Finora gli studi in merito sono stati inconclusivi: in una meta-analisi era stato rilevato che il rischio di contrarre l’HIV in gravidanza aumentava del 30%, ma secondo due degli studi in essa compresi questo rischio era quasi doppio, mentre altri non registravano alcun aumento del rischio.
Per questa nuova analisi sono stati presi in considerazione i dati di 2751 donne HIV-negative con partner maschio HIV-positivo che partecipavano a uno di due programmi per la prevenzione HIV, Partners in Prevention e Partners PrEP. Gli studi sono stati condotti in un totale di sette paesi africani.
Le donne avevano rapporti sessuali più o meno frequenti a seconda dei diversi stadi riproduttivi: in media, avevano più rapporti, e più rapporti non protetti, nel primo periodo della gravidanza rispetto a quando non erano incinte, mentre ne avevano meno a gravidanza più avanzata e nei sei mesi successivi al parto.
Durante il follow-up, 82 partecipanti hanno contratto l’HIV dal partner principale, con un’incidenza annuale dell’1,62%. I tassi grezzi di incidenza variavano a seconda dello stadio riproduttivo.
La dott.ssa Renee Heffron della University of Washington ha dunque calcolato il rischio di infezione da HIV per 1000 rapporti sessuali.

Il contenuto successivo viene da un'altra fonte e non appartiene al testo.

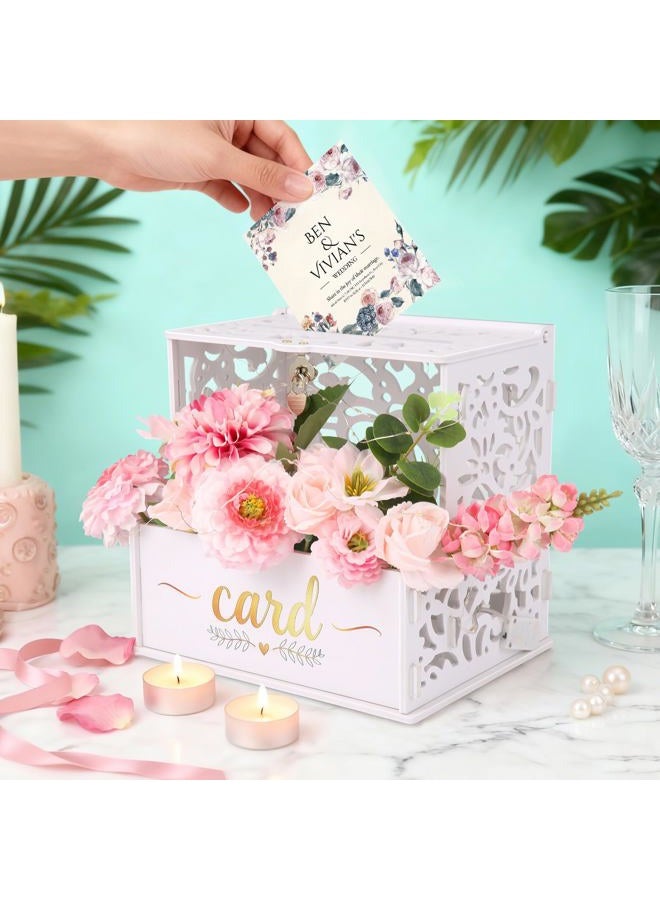 GKLTVB White PVC Wedding Card Box,Gift Card Box with Acrylic Window and Flower Trough for Party Wedding Decor Baby Showers Birthday Party,Lock & String Light Included - Image 3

Come caso di riferimento è stata presa una 25enne che non assumeva profilassi pre-esposizione (PrEP) e il cui partner aveva una carica virale di 10.000 copie/ml. Ecco le stime:

  • né in gravidanza né post-parto: 1,05 eventi di infezione ogni 1000 rapporti;
  • a inizio gravidanza (dalle 0 alle 13 settimane): 2,19 eventi di infezione ogni 1000 rapporti;
  • più avanti nella gravidanza (dalle 14 settimane al parto): 2,97 eventi di infezione ogni 1000 rapporti;
  • post-parto (fino a 6 mesi dopo il parto): 4,18 eventi di infezione ogni 1000 rapporti.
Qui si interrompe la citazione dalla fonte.